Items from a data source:
== Segment start ==

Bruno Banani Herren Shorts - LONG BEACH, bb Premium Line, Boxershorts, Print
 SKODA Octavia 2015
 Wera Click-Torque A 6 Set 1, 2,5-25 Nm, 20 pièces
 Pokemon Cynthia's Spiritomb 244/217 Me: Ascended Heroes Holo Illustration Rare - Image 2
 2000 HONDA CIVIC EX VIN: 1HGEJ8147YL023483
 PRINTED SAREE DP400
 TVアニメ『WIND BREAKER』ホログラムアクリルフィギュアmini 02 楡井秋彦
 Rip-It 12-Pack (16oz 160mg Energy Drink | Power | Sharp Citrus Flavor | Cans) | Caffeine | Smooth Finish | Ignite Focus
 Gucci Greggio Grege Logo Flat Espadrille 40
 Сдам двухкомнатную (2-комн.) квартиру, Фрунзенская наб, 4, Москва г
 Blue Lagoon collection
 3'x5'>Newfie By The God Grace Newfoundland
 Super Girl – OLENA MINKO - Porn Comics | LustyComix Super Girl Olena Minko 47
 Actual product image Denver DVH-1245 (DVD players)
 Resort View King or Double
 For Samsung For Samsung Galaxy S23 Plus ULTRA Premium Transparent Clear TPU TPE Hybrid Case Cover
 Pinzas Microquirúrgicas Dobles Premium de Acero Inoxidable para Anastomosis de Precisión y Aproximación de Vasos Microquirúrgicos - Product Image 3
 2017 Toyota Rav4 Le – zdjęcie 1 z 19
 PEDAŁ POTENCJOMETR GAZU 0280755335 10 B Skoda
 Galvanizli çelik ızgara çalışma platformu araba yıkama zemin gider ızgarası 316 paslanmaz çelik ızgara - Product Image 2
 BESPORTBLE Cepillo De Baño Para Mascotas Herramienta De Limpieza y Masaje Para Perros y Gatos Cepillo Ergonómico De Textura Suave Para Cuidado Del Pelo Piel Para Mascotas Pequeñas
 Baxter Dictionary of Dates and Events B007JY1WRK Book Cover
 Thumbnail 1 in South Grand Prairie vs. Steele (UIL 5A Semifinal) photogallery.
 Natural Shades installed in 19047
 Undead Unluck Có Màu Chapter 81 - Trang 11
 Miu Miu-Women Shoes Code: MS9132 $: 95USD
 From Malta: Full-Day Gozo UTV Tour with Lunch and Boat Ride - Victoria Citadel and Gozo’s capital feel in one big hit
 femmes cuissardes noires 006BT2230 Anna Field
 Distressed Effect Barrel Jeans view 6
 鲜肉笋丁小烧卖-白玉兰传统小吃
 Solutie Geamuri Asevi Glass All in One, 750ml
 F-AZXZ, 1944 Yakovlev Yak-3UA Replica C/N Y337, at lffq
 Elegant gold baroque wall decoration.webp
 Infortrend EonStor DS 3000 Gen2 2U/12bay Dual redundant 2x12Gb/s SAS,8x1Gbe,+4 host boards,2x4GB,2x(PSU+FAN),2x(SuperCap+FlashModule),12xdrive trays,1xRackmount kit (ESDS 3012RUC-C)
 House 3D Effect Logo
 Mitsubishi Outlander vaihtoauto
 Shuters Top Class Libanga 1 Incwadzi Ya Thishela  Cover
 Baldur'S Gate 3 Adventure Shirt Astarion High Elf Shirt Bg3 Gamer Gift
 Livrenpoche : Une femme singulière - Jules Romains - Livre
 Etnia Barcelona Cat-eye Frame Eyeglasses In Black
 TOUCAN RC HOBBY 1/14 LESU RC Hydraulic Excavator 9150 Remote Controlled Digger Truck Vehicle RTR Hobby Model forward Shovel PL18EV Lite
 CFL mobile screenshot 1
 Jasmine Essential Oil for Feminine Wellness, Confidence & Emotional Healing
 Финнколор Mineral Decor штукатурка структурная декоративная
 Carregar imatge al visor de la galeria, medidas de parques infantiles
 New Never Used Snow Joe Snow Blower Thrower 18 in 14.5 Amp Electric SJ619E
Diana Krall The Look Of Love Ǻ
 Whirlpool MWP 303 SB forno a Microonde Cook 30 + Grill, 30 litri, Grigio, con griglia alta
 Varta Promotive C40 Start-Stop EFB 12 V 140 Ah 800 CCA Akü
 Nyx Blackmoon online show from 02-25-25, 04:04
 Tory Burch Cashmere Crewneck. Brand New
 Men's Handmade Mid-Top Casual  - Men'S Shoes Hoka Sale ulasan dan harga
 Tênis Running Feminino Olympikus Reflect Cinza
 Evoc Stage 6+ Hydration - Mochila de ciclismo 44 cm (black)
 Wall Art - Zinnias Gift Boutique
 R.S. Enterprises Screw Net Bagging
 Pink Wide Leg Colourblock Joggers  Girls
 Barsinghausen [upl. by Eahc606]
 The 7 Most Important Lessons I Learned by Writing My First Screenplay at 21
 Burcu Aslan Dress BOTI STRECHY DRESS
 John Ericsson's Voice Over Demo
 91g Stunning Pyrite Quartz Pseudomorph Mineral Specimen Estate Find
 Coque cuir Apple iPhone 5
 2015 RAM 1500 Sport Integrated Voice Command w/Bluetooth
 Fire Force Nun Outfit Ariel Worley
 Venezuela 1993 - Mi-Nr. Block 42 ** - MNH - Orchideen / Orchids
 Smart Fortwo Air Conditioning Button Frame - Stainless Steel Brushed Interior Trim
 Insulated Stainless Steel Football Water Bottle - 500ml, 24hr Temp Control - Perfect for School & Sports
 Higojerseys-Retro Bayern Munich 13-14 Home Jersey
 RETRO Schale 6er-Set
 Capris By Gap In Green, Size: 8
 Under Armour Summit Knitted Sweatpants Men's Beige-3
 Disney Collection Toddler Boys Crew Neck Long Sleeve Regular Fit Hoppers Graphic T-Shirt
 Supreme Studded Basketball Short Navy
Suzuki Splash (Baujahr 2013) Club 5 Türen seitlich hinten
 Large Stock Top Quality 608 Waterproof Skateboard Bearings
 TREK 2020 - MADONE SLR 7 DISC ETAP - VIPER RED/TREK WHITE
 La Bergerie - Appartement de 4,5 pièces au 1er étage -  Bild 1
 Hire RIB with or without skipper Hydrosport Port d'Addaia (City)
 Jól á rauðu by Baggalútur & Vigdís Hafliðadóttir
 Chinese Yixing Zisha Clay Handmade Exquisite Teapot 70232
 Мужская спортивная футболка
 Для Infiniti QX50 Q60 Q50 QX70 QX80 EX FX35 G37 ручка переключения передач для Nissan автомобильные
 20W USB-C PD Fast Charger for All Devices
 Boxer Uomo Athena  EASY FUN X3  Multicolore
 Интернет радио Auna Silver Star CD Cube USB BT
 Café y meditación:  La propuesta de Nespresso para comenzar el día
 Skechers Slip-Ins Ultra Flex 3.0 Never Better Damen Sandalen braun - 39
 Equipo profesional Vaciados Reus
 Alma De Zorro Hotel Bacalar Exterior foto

== Segment end ==

What needs to be done
From the entries above, tally every line holding the string "Cover". Give only the count.

Task solution
3